• DESCRIPTION OF THE TASK
Take the records below and set down exactly the lines from the one with "That's it. That's" to the one with "I am sure you", ends included; do not copy the pictures.

• EXTRACTED INFORMATION
-*-

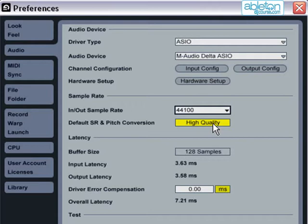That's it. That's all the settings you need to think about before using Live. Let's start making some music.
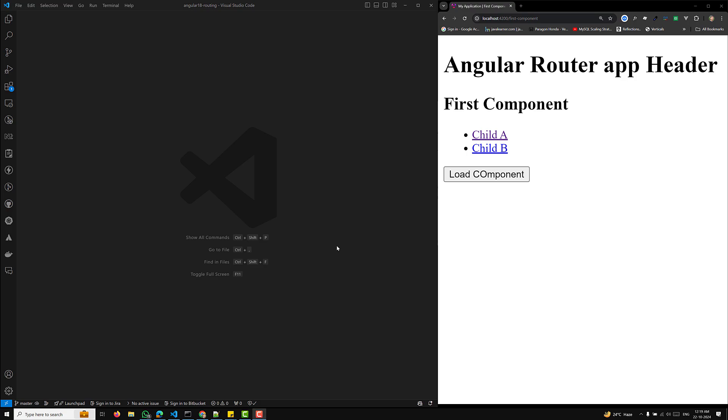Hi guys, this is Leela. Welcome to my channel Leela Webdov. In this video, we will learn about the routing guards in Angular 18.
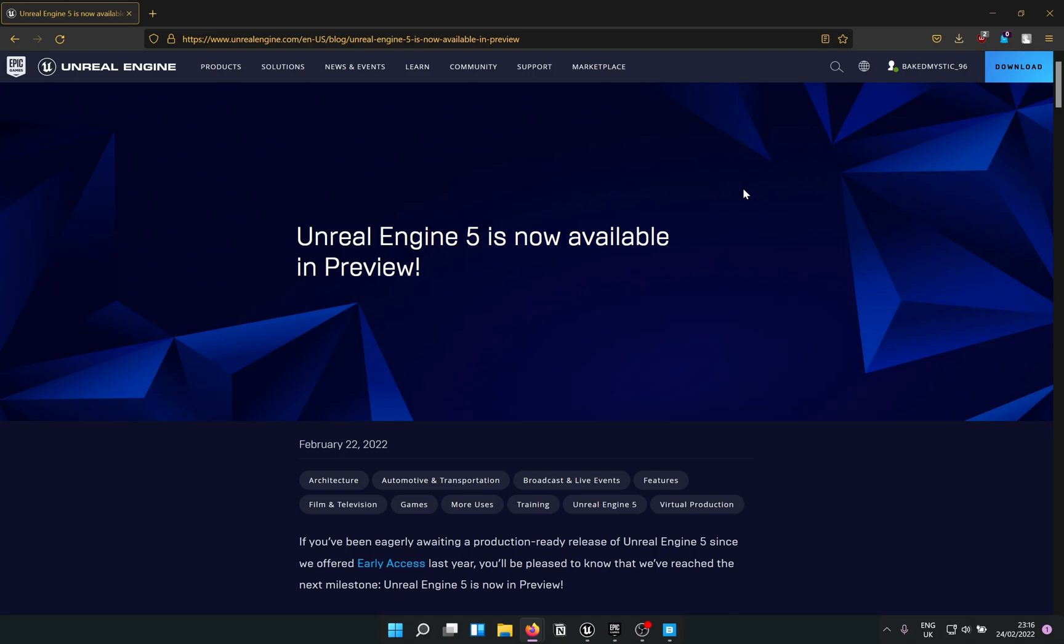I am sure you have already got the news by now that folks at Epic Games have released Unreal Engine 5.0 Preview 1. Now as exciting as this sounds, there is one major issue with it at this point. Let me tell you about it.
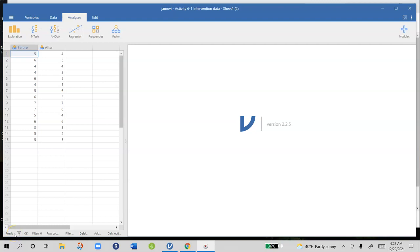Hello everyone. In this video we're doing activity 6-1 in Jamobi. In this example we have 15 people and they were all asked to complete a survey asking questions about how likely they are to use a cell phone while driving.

-*-

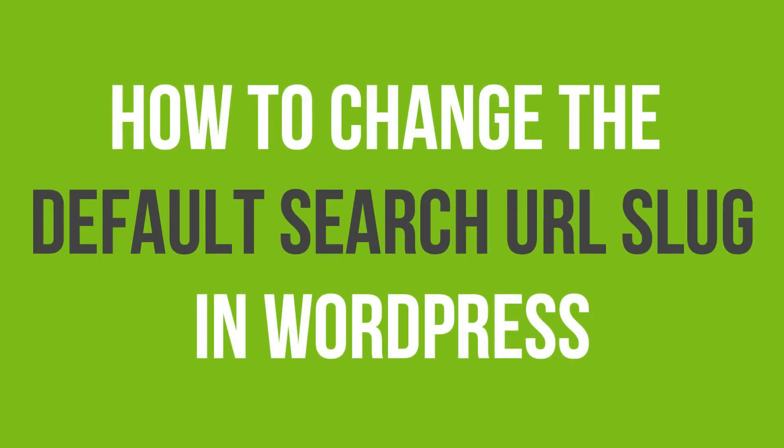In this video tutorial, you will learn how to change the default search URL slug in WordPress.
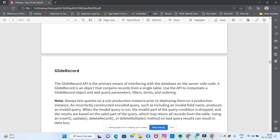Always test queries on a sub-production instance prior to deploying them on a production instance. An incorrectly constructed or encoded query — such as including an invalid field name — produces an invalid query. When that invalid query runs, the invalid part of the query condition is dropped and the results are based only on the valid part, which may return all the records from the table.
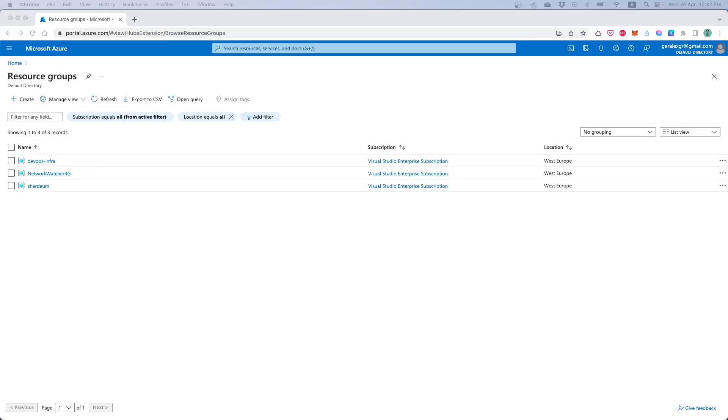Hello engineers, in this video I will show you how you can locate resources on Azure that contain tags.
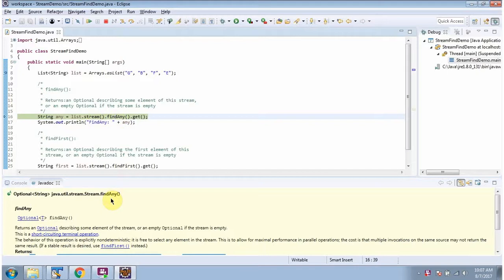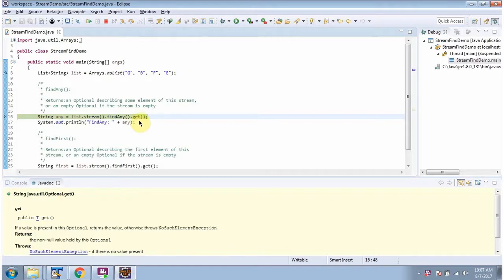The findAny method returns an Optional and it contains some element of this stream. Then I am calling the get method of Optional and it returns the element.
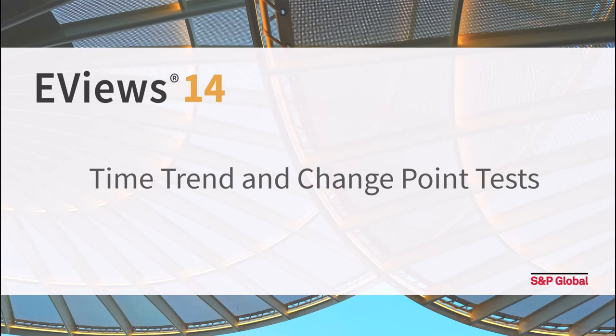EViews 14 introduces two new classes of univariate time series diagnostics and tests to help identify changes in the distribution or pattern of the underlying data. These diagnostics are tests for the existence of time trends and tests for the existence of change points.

-*-

• SOLVED PROBLEM
That's it. That's all the settings you need to think about before using Live. Let's start making some music.
Hi guys, this is Leela. Welcome to my channel Leela Webdov. In this video, we will learn about the routing guards in Angular 18.
I am sure you have already got the news by now that folks at Epic Games have released Unreal Engine 5.0 Preview 1. Now as exciting as this sounds, there is one major issue with it at this point. Let me tell you about it.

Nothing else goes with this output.